#### [EXERCISE GOAL]
With the line containing "Wehrli Custom Fabrication" as the start and the line containing "FIX IT STICKS Hammer" as the end, transcribe that span of the entries below exactly, including both.

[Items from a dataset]
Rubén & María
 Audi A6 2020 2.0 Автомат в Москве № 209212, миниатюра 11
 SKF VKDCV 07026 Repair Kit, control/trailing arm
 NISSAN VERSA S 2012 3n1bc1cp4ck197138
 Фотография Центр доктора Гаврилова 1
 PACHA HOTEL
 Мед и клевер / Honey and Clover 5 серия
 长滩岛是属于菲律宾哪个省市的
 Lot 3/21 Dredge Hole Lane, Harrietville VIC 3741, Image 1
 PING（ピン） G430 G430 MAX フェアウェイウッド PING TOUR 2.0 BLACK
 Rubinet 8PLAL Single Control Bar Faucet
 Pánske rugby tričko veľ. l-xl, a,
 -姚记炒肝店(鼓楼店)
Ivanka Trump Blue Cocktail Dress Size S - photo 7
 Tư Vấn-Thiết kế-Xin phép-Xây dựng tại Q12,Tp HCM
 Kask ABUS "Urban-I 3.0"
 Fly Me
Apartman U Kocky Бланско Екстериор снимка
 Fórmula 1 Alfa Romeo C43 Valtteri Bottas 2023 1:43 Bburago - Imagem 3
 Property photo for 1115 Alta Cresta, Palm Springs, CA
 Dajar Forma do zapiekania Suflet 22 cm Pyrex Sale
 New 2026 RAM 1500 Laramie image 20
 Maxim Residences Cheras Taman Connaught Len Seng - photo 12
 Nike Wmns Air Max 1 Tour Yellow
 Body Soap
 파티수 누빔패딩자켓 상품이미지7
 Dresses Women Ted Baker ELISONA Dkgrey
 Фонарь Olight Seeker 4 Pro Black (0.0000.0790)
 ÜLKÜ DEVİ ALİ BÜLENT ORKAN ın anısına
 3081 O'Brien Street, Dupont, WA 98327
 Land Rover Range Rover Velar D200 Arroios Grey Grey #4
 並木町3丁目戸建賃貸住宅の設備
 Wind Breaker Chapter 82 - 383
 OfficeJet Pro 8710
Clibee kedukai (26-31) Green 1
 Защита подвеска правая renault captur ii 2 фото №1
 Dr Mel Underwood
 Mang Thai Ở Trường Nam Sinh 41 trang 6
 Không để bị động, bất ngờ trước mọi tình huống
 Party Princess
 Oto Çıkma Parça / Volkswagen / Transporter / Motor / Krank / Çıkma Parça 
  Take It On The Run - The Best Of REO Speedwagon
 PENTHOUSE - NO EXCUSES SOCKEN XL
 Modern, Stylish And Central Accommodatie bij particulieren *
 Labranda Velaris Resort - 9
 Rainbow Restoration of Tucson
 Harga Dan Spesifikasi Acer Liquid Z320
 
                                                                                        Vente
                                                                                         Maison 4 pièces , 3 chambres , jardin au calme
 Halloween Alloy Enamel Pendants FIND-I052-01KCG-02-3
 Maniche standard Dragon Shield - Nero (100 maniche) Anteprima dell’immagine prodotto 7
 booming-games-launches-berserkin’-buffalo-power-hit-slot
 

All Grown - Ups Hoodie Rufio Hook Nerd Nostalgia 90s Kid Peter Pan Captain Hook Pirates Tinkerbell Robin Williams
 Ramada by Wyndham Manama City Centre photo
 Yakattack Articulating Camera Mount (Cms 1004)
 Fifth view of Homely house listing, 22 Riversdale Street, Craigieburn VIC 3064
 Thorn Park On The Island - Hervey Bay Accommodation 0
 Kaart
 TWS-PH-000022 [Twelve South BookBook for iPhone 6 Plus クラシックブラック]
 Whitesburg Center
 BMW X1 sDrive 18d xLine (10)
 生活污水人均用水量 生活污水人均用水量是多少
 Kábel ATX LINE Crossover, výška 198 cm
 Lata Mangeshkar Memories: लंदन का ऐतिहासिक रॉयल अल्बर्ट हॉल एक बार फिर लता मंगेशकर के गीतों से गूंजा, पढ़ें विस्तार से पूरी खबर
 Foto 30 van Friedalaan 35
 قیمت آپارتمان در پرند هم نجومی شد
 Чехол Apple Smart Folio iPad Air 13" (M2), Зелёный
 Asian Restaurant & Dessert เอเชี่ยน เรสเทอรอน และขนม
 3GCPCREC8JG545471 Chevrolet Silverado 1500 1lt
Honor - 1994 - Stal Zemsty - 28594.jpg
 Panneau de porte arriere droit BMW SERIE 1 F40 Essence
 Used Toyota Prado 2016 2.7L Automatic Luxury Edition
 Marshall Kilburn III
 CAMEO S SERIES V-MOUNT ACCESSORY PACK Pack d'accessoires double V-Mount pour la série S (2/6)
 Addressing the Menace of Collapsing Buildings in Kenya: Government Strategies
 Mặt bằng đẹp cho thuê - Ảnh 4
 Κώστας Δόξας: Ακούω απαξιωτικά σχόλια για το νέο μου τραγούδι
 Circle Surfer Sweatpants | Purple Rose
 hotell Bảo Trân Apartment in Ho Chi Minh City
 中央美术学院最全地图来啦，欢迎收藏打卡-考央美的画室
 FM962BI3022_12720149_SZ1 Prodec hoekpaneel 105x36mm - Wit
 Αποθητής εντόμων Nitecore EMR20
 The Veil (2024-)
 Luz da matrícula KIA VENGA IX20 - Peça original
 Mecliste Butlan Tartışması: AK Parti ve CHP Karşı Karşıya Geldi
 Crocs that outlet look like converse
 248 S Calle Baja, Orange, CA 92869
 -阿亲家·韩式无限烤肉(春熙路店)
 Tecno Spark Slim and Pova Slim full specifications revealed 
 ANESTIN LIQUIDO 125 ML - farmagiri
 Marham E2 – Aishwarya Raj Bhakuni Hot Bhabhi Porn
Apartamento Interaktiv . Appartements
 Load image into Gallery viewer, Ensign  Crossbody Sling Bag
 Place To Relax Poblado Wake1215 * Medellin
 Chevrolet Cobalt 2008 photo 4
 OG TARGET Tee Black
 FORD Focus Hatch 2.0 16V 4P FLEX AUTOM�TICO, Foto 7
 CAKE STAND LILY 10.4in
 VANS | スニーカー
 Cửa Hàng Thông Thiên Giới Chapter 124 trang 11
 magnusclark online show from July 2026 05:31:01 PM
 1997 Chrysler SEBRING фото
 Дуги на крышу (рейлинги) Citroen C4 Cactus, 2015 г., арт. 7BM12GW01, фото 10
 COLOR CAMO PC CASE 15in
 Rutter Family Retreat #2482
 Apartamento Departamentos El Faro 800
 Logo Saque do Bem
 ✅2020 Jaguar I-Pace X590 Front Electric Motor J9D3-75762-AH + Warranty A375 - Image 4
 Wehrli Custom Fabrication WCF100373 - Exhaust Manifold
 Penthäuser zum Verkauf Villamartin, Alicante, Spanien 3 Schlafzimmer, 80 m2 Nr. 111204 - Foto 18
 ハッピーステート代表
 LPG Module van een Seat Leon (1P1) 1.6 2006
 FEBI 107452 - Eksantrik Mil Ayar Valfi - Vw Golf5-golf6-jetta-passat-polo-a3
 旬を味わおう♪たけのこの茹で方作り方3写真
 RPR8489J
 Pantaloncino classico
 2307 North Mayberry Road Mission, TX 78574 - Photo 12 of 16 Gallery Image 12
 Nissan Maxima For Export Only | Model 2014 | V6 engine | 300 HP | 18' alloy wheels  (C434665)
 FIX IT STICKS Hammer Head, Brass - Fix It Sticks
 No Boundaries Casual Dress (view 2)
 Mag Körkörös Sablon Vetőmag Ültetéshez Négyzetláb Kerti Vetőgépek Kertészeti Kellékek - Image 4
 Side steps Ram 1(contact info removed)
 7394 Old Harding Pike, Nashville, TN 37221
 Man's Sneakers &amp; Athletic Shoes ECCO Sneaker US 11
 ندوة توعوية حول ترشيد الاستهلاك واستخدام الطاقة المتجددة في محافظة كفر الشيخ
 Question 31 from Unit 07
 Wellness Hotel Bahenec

#### [EXPECTED ANSWER]
 Wehrli Custom Fabrication WCF100373 - Exhaust Manifold
 Penthäuser zum Verkauf Villamartin, Alicante, Spanien 3 Schlafzimmer, 80 m2 Nr. 111204 - Foto 18
 ハッピーステート代表
 LPG Module van een Seat Leon (1P1) 1.6 2006
 FEBI 107452 - Eksantrik Mil Ayar Valfi - Vw Golf5-golf6-jetta-passat-polo-a3
 旬を味わおう♪たけのこの茹で方作り方3写真
 RPR8489J
 Pantaloncino classico
 2307 North Mayberry Road Mission, TX 78574 - Photo 12 of 16 Gallery Image 12
 Nissan Maxima For Export Only | Model 2014 | V6 engine | 300 HP | 18' alloy wheels  (C434665)
 FIX IT STICKS Hammer Head, Brass - Fix It Sticks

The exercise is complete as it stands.